I get up super-early each day, when the house is quiet and (as a morning person) I’m at my best, mentally. If I’m up early enough, I have two or three hours to devote to preparations. This used to be time to walk the neighborhood, maybe see the sunrise by the lighthouse at the end of my street (pictured above). No time for that now. I’m preparing for the next stage of my life, a life that doesn’t necessarily include a paycheck, and may not be in a community where English is the predominant language.
The “move to Mérida” bug hit us in 2010, and last year we bought a run-down property two blocks from the wide and leafy (by local standards) Paseo de Montejo. This year, we hired the architects and devised a floor plan. While all this is in motion, my morning time is spent learning…
- More about Mérida, the state of Yucatán, the Yucatán peninsula, and Mexico in general. Politics and culture are interesting to me, and I want to go in with eyes wide open.
- More about the Spanish language, and my vocabulary has improved much since the first trip, when every little shop sign and newspaper headline baffled me. The spoken language still escapes me, but I can almost sort-of read Diario de Yucatán without activating the Google translate function. I haven’t even begun to grasp Mayan linguistics.
- More about being an entrepreneur, which I’ll have to be if I don’t want to live off a fixed income. Pasta tiles don’t grow on trees, and neither does the pizza at Rescaldos.
Three bullet points don’t look like much, but they create quite a burdensome checklist. The third bullet point is foremost in my mind right now, although I still find myself absorbing news stories, other blogs and (believe it or not) the real estate listings. It’s all bewildering, but especially the real estate market, where I see that reduced sales have created a glut of homes for sale in Centro. But I’m always hearing that prices are escalating every year. Can both be true?

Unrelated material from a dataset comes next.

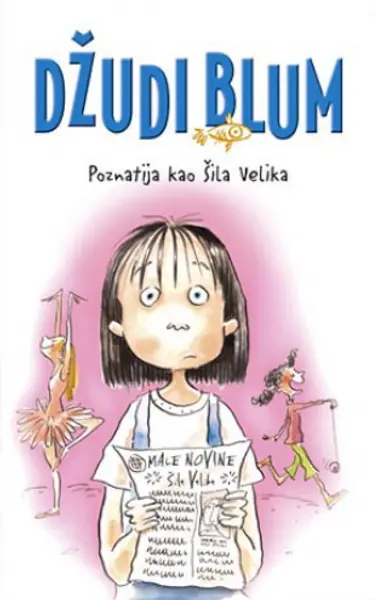 Slika 0 - Poznatija kao Šila Velika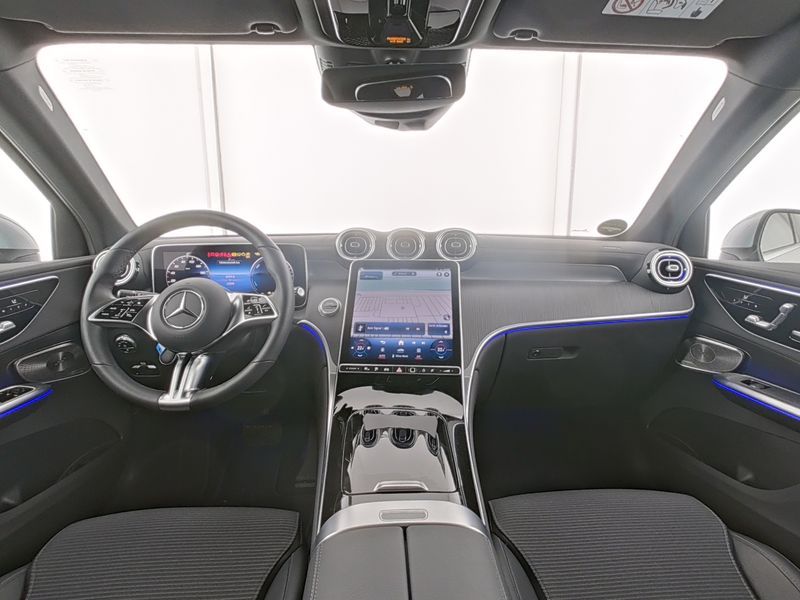 Mercedes-Benz GLC 300 2024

So my Rosetta Stone, Fluenz and Pimsleur lessons are on the shelf. I glance news headlines from Mexico for about 10 minutes each morning. I indulge a little on whatever new YouTube videos have been posted from Yucatán, which aren’t as frequent as they used to be. But then I cram literature on business, and work on my new enterprise, for a couple hours each day. And then I go off to my “day job,” the one that I’m assuming will evaporate in a few years, which is propelling my “moving to Mérida” checklist to begin with.